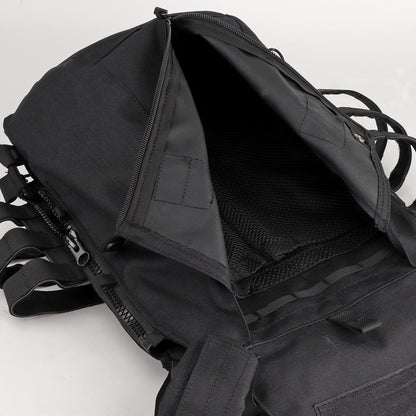 WOSPORT JPC PLATE CARRIER 2.0 ACCESSORY POUCH I [WST-VE-63-ACC-01]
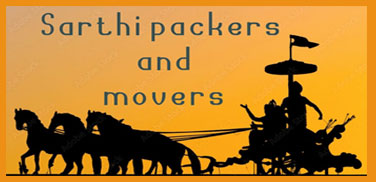 Sarthi Packers Movers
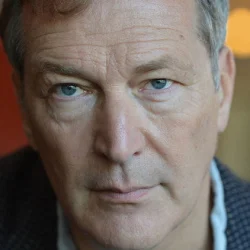 Jürgen F.  Schmid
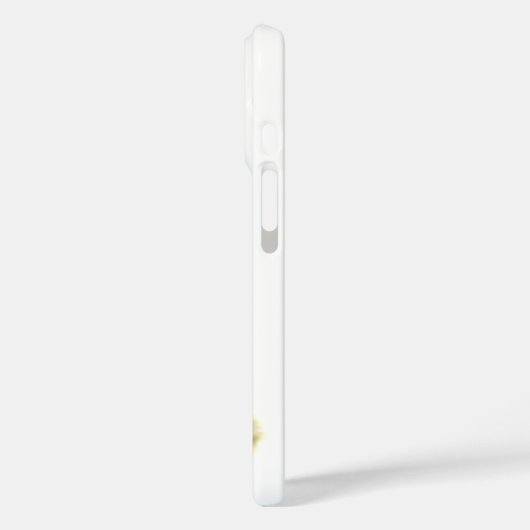 Cute Halloween Bat Case-Mate iPhone Case (Achterkant / Links)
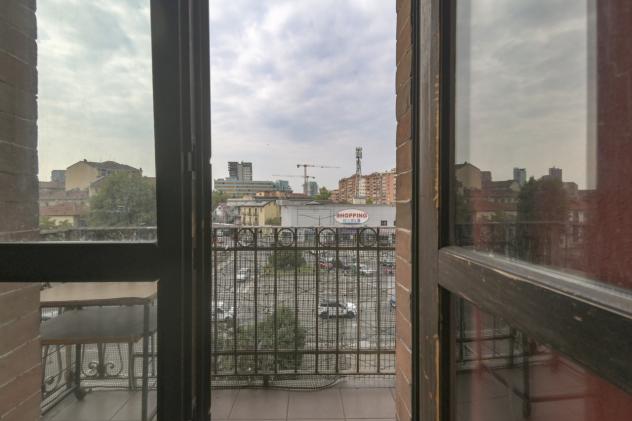 Trilocale in vendita a Torino - Foto 18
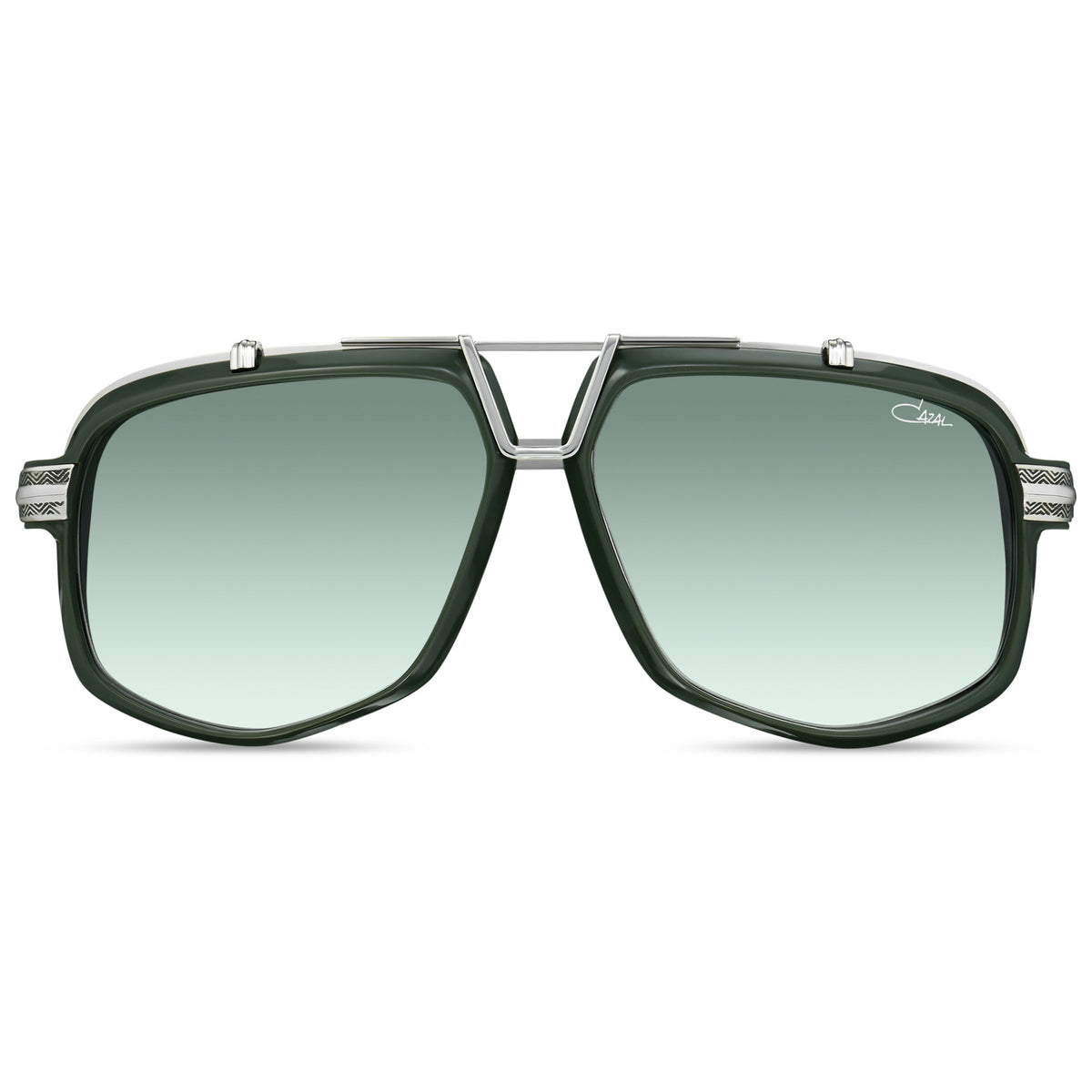 #color_003 khaki-silver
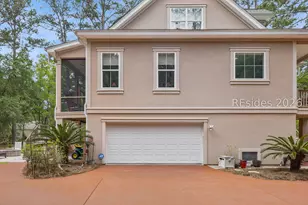 5 Turnstone Dr S, Beaufort, SC 29907 - Photo 42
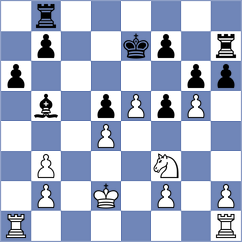 Kaiser - Fruechel (Bendorf, 2006)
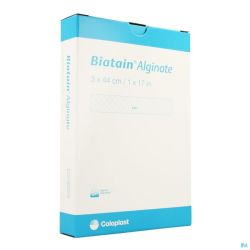 Biatain Alginate Filler / 3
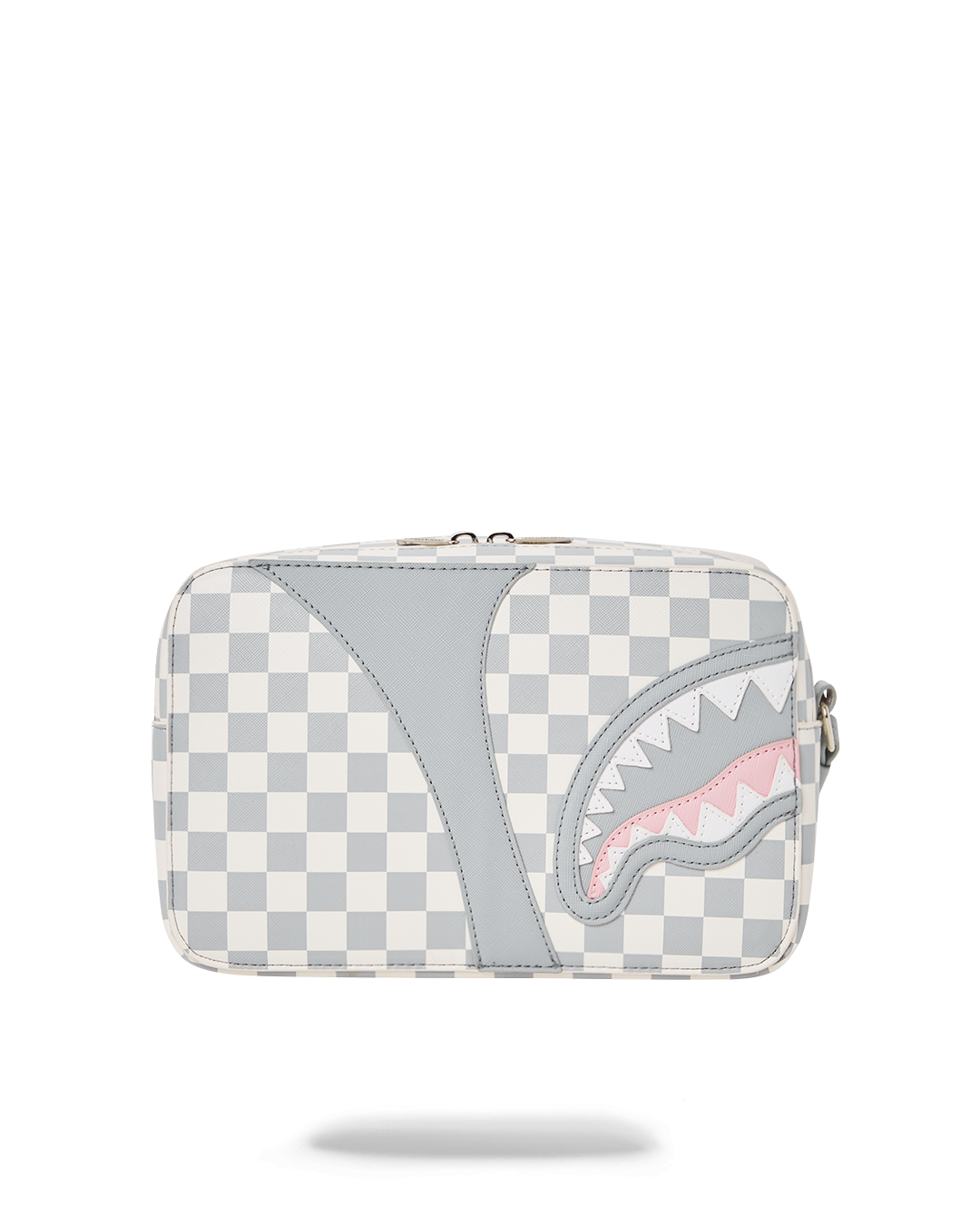 AIR TO THE THRONE JETSET TOILETRY BAG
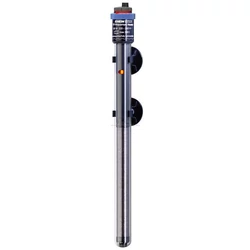 Kép 1/2 - Eheim ThermoControl automata fűtő 200 W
____
Your assignment. Lines from the one holding "Kaiser - Fruechel (Bendorf, 2006)" down to the last line of the entries above must be retyped exactly, inclusive of both, with no pictures and nothing else.

Answer section.
 Kaiser - Fruechel (Bendorf, 2006)
 Biatain Alginate Filler / 3
 AIR TO THE THRONE JETSET TOILETRY BAG
 Kép 1/2 - Eheim ThermoControl automata fűtő 200 W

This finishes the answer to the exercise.